All of lore.kernel.org
 help / color / mirror / Atom feed

From: Mostafa Saleh <smostafa@google.com>
To: Daniel Mentz <danielmentz@google.com>
Cc: iommu@lists.linux.dev, linux-kernel@vger.kernel.org,
	Will Deacon <will@kernel.org>,
	Pranjal Shrivastava <praan@google.com>,
	Liviu Dudau <liviu.dudau@arm.com>,
	Jason Gunthorpe <jgg@nvidia.com>,
	Rob Clark <robin.clark@oss.qualcomm.com>
Subject: Re: [PATCH 1/2] iommu/io-pgtable-arm: Implement .iotlb_sync_map callback
Date: Tue, 30 Sep 2025 09:10:44 +0000	[thread overview]
Message-ID: <aNuelC9K24z_Ph_G@google.com> (raw)
In-Reply-To: <CAE2F3rB6TYjy0a9yecW4zwBLraaj75YBafEz3DUh8zrLChnuCg@mail.gmail.com>

On Mon, Sep 29, 2025 at 02:00:09PM -0700, Daniel Mentz wrote:
> On Mon, Sep 29, 2025 at 5:21 AM Mostafa Saleh <smostafa@google.com> wrote:
> >
> > On Sat, Sep 27, 2025 at 10:39:52PM +0000, Daniel Mentz wrote:
> > > On systems with a non-coherent SMMU, the CPU must perform cache
> > > maintenance operations (CMOs) after updating page table entries (PTEs).
> > > This ensures that the SMMU reads the latest version of the descriptors
> > > and not stale data from memory.
> > >
> > > This requirement can lead to significant performance overhead,
> > > especially when mapping long scatter-gather lists where each sg entry
> > > maps into an iommu_map() call that only covers 4KB of address space.
> > >
> > > In such scenarios, each small mapping operation modifies a single 8-byte
> > > PTE but triggers a cache clean for the entire cache line (e.g., 64
> > > bytes). This results in the same cache line being cleaned repeatedly,
> > > once for each PTE it contains.
> > >
> > > A more efficient implementation performs the cache clean operation only
> > > after updating all descriptors that are co-located in the same cache
> > > line.
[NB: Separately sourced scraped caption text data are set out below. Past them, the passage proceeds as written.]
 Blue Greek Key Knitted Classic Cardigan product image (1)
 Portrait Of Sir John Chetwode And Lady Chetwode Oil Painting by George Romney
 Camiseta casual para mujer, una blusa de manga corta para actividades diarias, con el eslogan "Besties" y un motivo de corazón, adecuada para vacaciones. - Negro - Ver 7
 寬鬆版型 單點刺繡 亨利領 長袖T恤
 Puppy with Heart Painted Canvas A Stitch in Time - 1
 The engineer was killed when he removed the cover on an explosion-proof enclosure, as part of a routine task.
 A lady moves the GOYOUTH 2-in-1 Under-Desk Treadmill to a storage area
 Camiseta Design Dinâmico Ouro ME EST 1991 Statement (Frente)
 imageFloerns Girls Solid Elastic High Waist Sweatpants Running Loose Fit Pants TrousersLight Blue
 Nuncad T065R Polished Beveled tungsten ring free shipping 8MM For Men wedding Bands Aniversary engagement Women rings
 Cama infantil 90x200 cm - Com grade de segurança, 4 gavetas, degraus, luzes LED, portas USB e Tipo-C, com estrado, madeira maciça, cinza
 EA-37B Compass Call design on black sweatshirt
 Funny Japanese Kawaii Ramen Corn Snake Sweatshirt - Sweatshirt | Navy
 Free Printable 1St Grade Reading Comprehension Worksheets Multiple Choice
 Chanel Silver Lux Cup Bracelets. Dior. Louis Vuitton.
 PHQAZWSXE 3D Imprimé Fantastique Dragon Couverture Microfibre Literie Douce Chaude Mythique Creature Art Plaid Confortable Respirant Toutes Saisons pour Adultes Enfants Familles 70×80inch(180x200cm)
This patch introduces a mechanism to defer and batch the cache
> > > maintenance:
> > >
> > > A new boolean flag, defer_sync_pte, is added to struct io_pgtable_cfg.
> > > When this flag is set, the arm-lpae backend will skip the cache sync
> > > operation for leaf entries within its .map_pages implementation.
> > >
> > > A new callback, .iotlb_sync_map, is added to struct io_pgtable_ops.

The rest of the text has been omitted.